FH6 is much easier to manage with its new 'Live Preview' of the settings, allowing you to see the changes in real-time. Unfortunately, it isn't available for every setting which has the knock-on effect of making it a bit pointless. Baby steps, I suppose. Something is better than nothing, after all. At least so they say.

So let's get right into it, shall we?

First and foremost, the test rig consists of the following:

  • AMD Ryzen 5 5800X with Performance Boost Overdrive (PBO) active
  • 16GB of DDR4 3600M/Ts @ 1.35v
  • Gigabyte X570 Aorus Ultra
  • XFX Speedster Merc319 Radeon RX 6900 XT Black with an undervolt of 1075mV from the base 1175mV
  • Nvidia GeForce RTX 2080 (Bone stock, no overlock, undervolt, etc)
  • Corsair RM850x
  • Noctua NH-D14
  • Sabrent Rocket 4 Plus 2TB M.2 SSD (Where the game is installed)

Right away then, the settings I'd recommend are as follows:

Car Level of Detail - Extreme or High
Environment Texture Quality - Extreme or Ultra (High is mandatory for GPUs with 8GB)
Environment Geometry Quality - Extreme or Ultra (High is mandatory for GPUs with 8GB)
Car Reflection Quality - Extreme or High
Screen Space Reflections Quality - Off (High, with RT disabled; especially recommended for GPUs with 8-12GB)
Ray Traced Reflections Quality - High
Shadows Quality - Extreme or Ultra
Night Shadows Quality - Extreme or Ultra (Off will net an additional performance gain in the neighborhood of 10%+)
Screen Space GI Quality - Off (Medium or High, with RT disabled; especially recommended for GPUs with 8GB)
Ray Traced GI Quality - Medium (Off if performance is a concern, SSGI is desirable alternative with near comparable visuals)
Shader Quality - High (Extreme if the GPU has enough grunt; this affects draw distance, shading and texture depth)
Deformable Terrain Quality - Extreme
Particle Effects Quality - Ultra
Volumetric Fog Quality - High

Let's address the elephant in the room: Ray Tracing. It comes in two flavors, Reflections and Global Illumination. While there's little to no real performance gain in lower RT Reflections, RT Global Illumination is a bit of a different beast. While 'Medium' is the recommended setting as it's substantially better than the more "basic" Screen Space alternative, it comes with the caveat of RT noise artifacts, especially on foliage.

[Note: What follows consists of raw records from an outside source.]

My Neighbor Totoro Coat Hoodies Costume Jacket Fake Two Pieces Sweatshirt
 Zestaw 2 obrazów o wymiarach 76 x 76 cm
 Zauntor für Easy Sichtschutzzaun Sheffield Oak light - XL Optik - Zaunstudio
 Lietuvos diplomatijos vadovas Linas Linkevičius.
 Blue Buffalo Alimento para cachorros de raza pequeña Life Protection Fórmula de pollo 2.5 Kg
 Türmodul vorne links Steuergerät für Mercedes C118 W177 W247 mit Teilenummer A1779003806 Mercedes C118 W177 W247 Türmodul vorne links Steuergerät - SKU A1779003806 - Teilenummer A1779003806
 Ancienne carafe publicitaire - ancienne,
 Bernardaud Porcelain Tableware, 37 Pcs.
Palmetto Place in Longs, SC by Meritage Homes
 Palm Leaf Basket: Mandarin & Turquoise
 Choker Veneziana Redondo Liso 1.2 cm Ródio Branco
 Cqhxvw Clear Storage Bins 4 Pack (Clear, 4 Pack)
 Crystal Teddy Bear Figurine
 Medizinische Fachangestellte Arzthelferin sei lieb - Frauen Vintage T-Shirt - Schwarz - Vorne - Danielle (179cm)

For that reason alone, especially if you're sensitive to what appears to be RT boil and/or speckling, I'd actually recommend an alternative option of foregoing it entirely and using SSGI on 'High' or 'Ultra', but the choice is of course yours.

Upscaling is a mixed bag in FH6 just as it were in FH5 because the performance gains are minimal at best, however, it can be utilized to edge the performance into a consistent 60 fps experience at the very least. The game comes with DLSS 4.5, FSR 3.1.2 and XeSS 2.0 but unfortunately it only supports Multi-Frame Generation on the Nvidia side with no equivalent on the Intel or AMD side of things.

If your rig has the muscle to do so, DLAA, FSR Native AA and XeSS Native AA are the preferred methods for anti-aliasing over TAA.

UPDATED 5/19: FH6 has a pretty severe memory leak on PC and it's seemingly linked to Environment Texture and Geometry Quality, just as the previous game. Even if you're using more than 16GB of System RAM, I would highly recommend stepping down from 'Extreme' for both settings to 'Ultra' to mitigate the issue until a hotfix. Considering this was never resolved in Horizon 5, I wouldn't exactly hold my breath...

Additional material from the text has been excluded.